Task statement => Transcribe the entries below exactly, starting with the line that has "Yamaha FZ - 12" and stopping after the line that has "Andar corporativo com"; no pictures belong in the copy.

Supplied material =>
----------

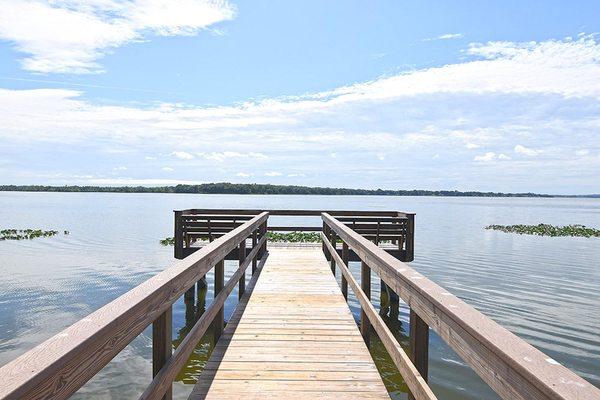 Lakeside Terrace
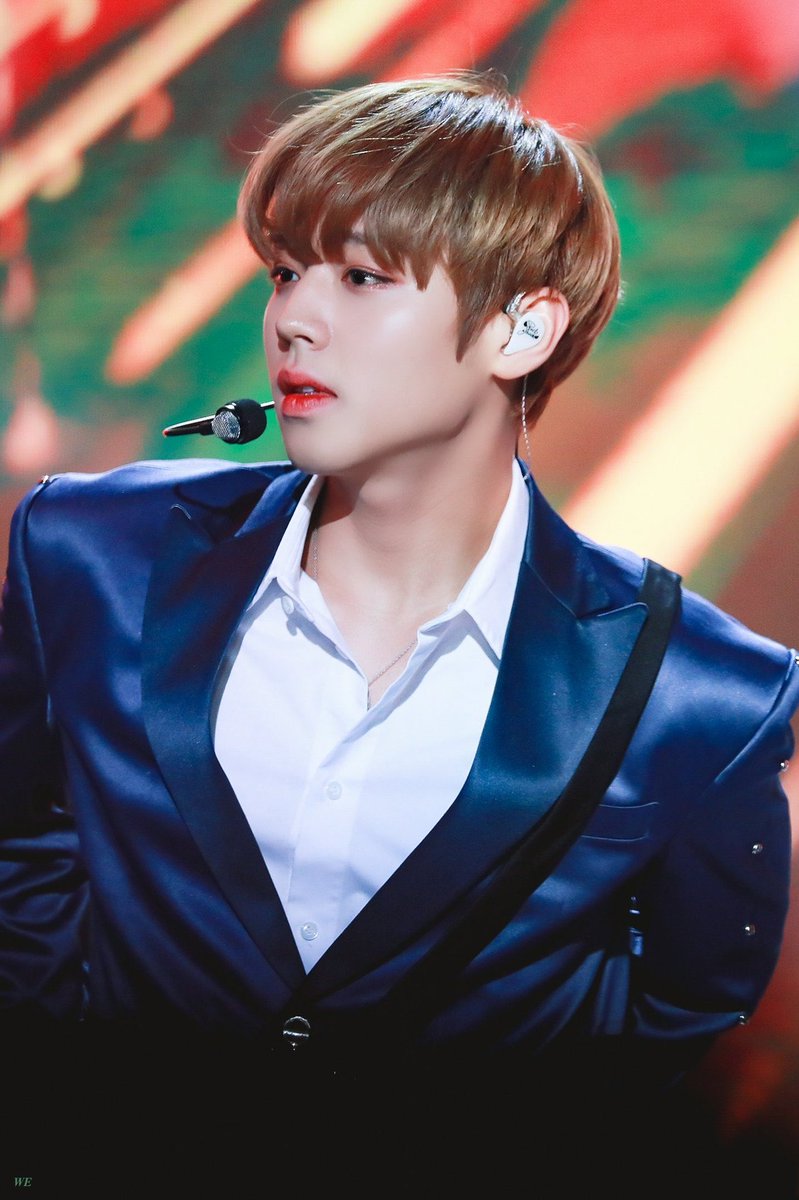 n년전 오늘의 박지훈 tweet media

----------

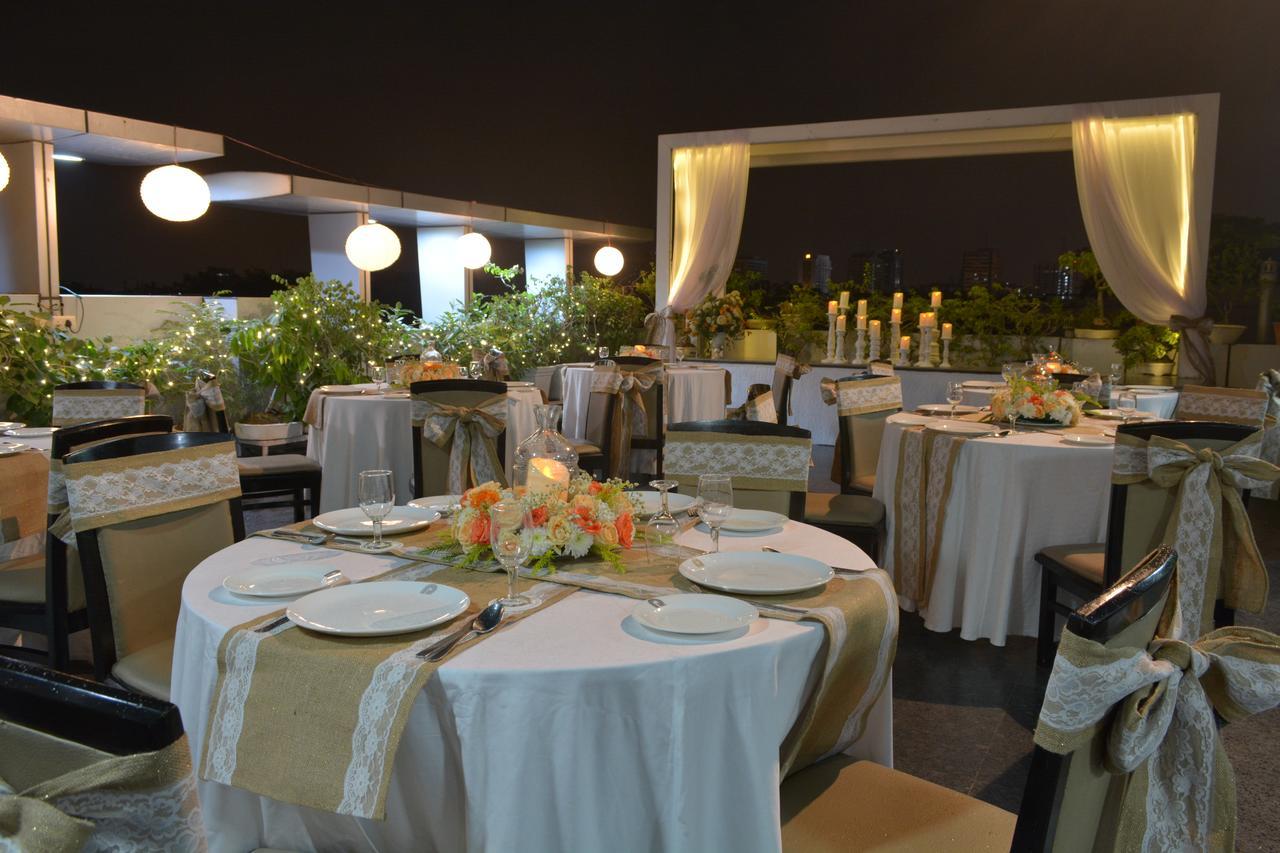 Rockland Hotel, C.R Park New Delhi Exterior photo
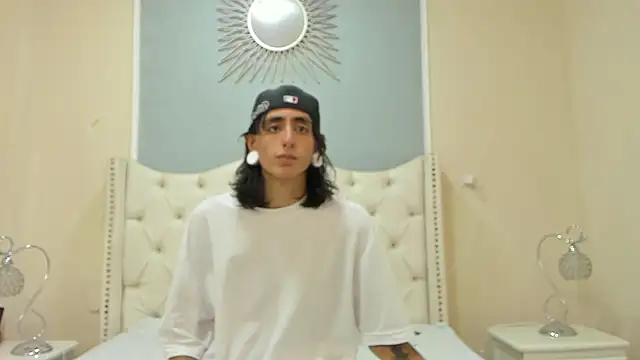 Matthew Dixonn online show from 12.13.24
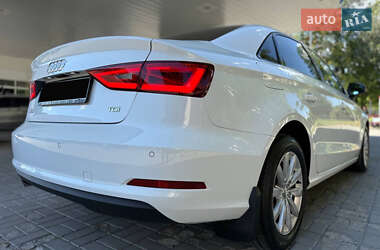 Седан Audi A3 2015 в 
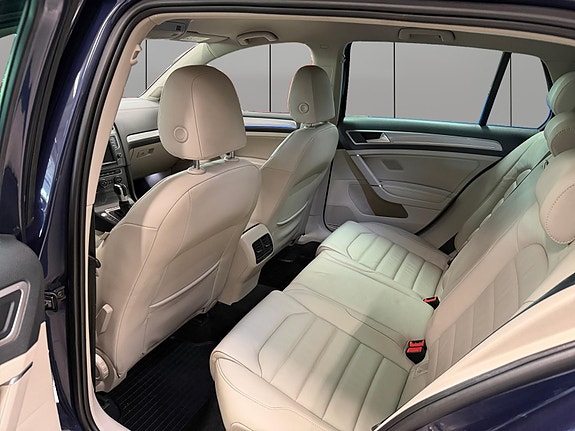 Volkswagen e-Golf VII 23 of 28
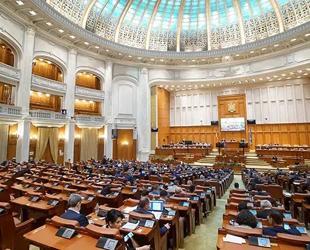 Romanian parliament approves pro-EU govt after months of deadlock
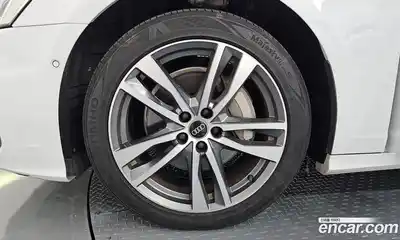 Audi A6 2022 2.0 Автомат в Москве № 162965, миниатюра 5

----------

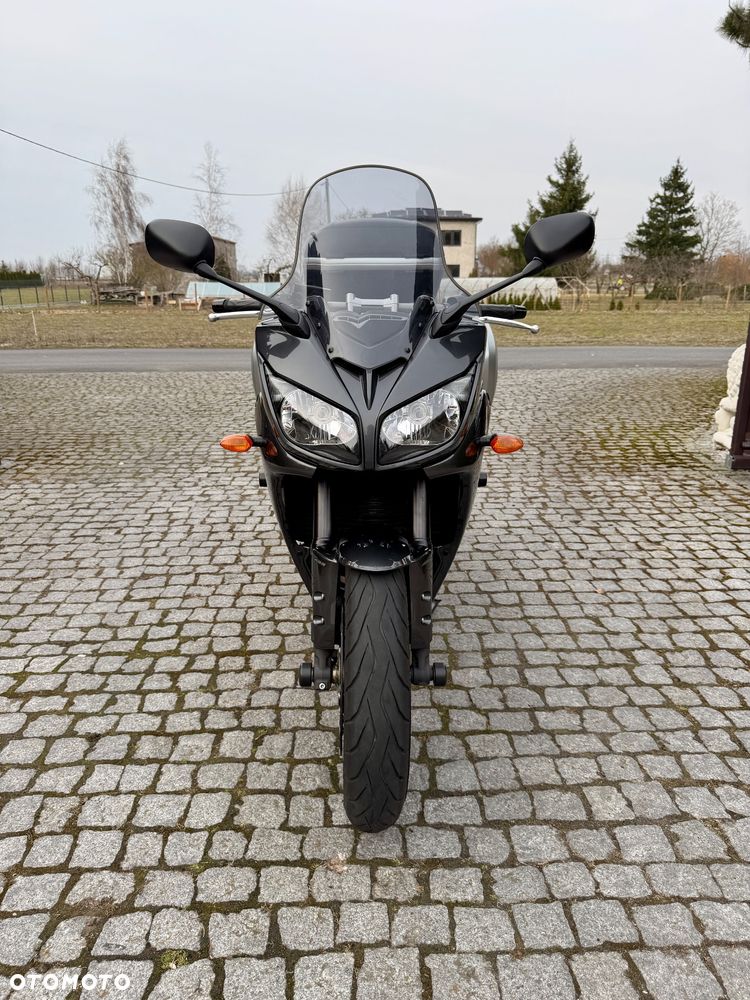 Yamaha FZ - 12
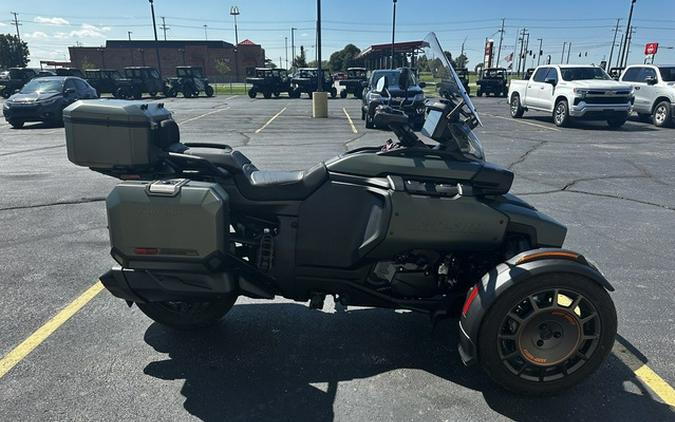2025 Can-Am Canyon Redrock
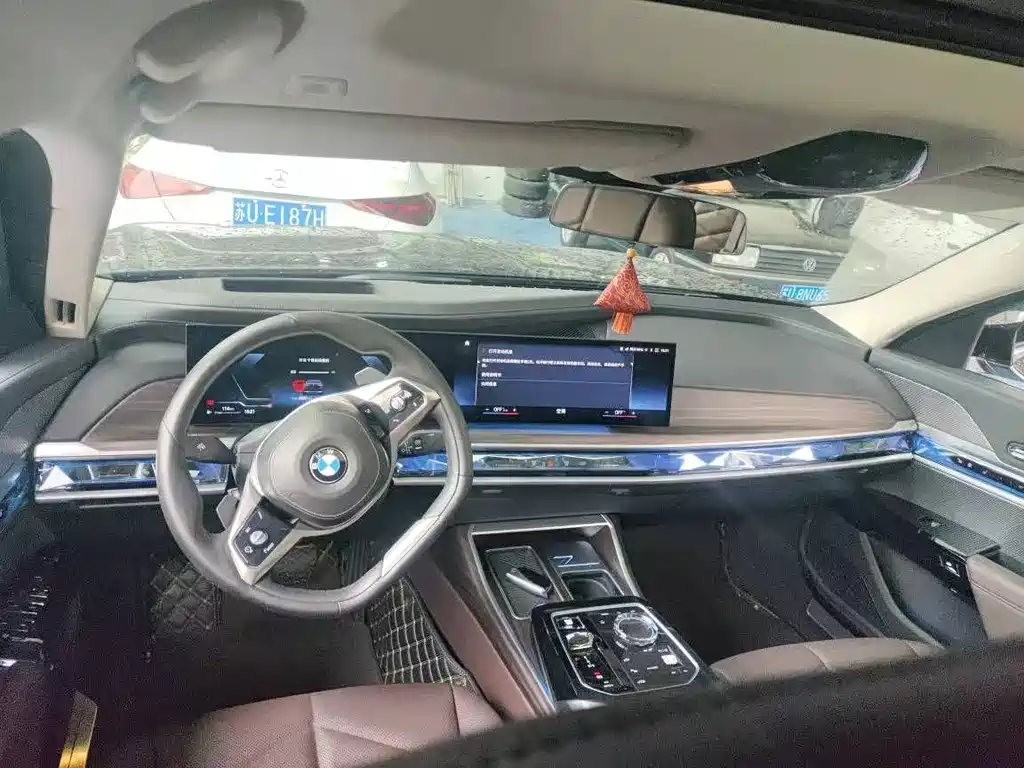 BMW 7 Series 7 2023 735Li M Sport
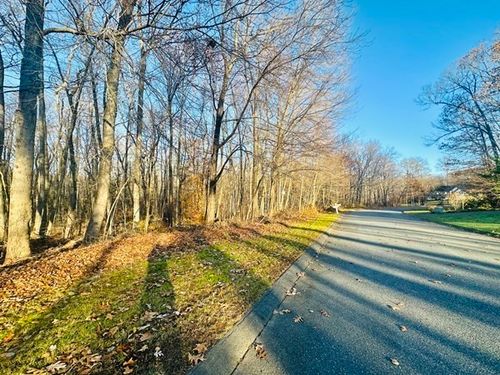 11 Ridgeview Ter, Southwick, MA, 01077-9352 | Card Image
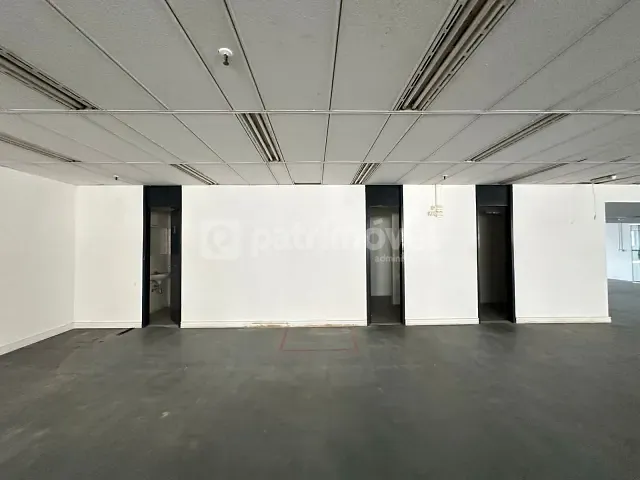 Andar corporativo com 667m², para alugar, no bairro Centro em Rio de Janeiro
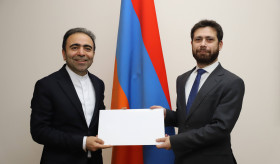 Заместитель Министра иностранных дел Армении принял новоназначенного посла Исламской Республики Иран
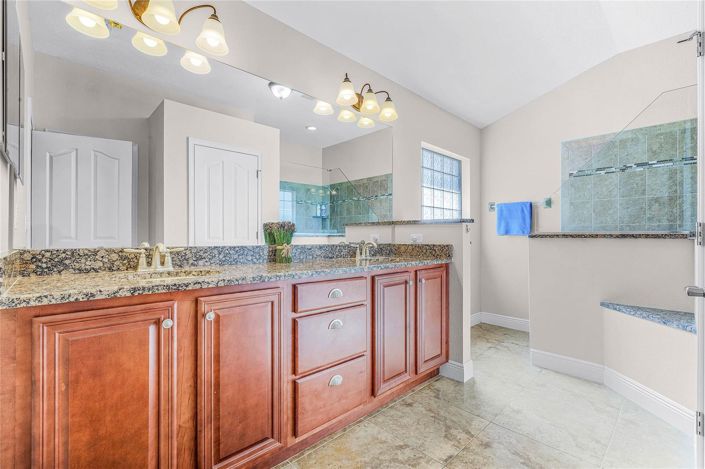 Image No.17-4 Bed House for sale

----------

Response =>
 Yamaha FZ - 12
2025 Can-Am Canyon Redrock
 BMW 7 Series 7 2023 735Li M Sport
 11 Ridgeview Ter, Southwick, MA, 01077-9352 | Card Image
 Andar corporativo com 667m², para alugar, no bairro Centro em Rio de Janeiro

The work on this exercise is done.